After the serendipitous discovery of methylrhenium trioxide CH3ReO3 (MTO) in 1979, this compound has been found to be an important active and selective catalyst, able to catalyse a vast variety of reactions, mainly in the liquid phase, that are essential to our lives. Examples of its use are the oxidation of a large amount of organic compounds including olefins, alkenes, aromatics, and sulphur and nitrogen containing compounds; aldehyde olefination and related reactions; and olefin methatesis [1]. Its paramount role in the world of catalysis came not only from the myriad of reactions that MTO catalyses but also because MTO is very easy to synthesise and handle, and it is thermally stable and soluble in practically all sorts of solvents, ranging from pentane to water. When dissolved in water, it has the additional key advantage of making the process environmentally clean, so its use is sought by industry today.
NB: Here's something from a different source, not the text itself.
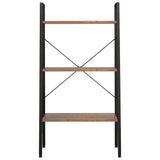 Vidaxl opbergmeubel met 3 lagen 56x35x108 cm donkerbruin en zwart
Following an in situ catalytic reaction to reveal the structure of the intermediate species as the reaction progresses has been a long-standing challenge. Achieving this could help researchers develop advanced catalysts with tailor-made properties to enhance selectivity. It is known that methylrhenium dioxide (MDO) is an important intermediate, with strong reducing capabilities, that plays a crucial role in many of the reactions catalysed by MTO. However, until today, its transient existence made it impossible to isolate as a sole structural compound.

To discover the real structure of MTO in solution and elucidate the reaction intermediate MDO during the course of the reaction, we followed the reaction of 20 mM of MTO with 1.6M of H3PO2 in water and acidic medium using the time-resolved stopped-flow/energy-dispersive X-ray absorption near-edge structure (ED-XANES)/UV-visible setup on beamline ID24. The reaction was followed at the Re L3 edge over a period of 90 s with a time resolution of 150 ms. The UV-visible spectrometer was synchronised at the millisecond timescale to gain complementary information and to provide a means of cross-checking the results.
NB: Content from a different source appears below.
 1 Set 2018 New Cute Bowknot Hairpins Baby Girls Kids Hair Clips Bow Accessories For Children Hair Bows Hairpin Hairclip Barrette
In parallel with the experimental methodology, significant progress has recently been achieved concerning the theoretical analysis of the spectra. In particular, we have developed theoretical algorithms and the software program FitIt [2] for the refinement of the local structure from XANES, which is sensitive to many more structural parameters than EXAFS (more distant coordination shells, in many cases bond angles). For time-resolved data, our approach allows determination of both the percentage of structurally different species as a function of time and the structure of intermediates. This method combines principal component analysis (PCA) of the experimental data, multidimensional interpolation of XANES as a function of structural parameters, and ab initio XANES calculations. FitIt was used here for the analysis of a series of XANES spectra obtained in the time-resolved experiment.

Fig. 100: Re L3-edge XANES spectra of initial (top) and intermediate (bottom) complexes. Experimental (solid line) and theoretical (dashed line) spectra are shown. Structural models are shown in the insert. Re and C atoms are marked; grey (red) spheres are H (O) atoms.
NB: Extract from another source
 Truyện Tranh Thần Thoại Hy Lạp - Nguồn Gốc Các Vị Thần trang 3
We found that MTO in water has three water molecules coordinated to the metal. The best-fit values of structural parameters are Re=O distance of 1.69 Å and average Re–OH2 distance of 2.85 Å. These results are in agreement with X-ray diffraction and EXAFS fitting results, which gives credit to this method of determining the structures of unknown species. Furthermore, we found that at this time regime the reaction occurs via one single intermediate species (MDO) before polymeric MTO is formed. The best-fit structural parameters for MDO are Re=O distance of 1.71 Å and average Re–OH2 distance of 2.13 Å. Figure 100 shows theoretical and experimental spectra of both initial and intermediate species and Figure 101 shows the corresponding concentration profiles of the reaction.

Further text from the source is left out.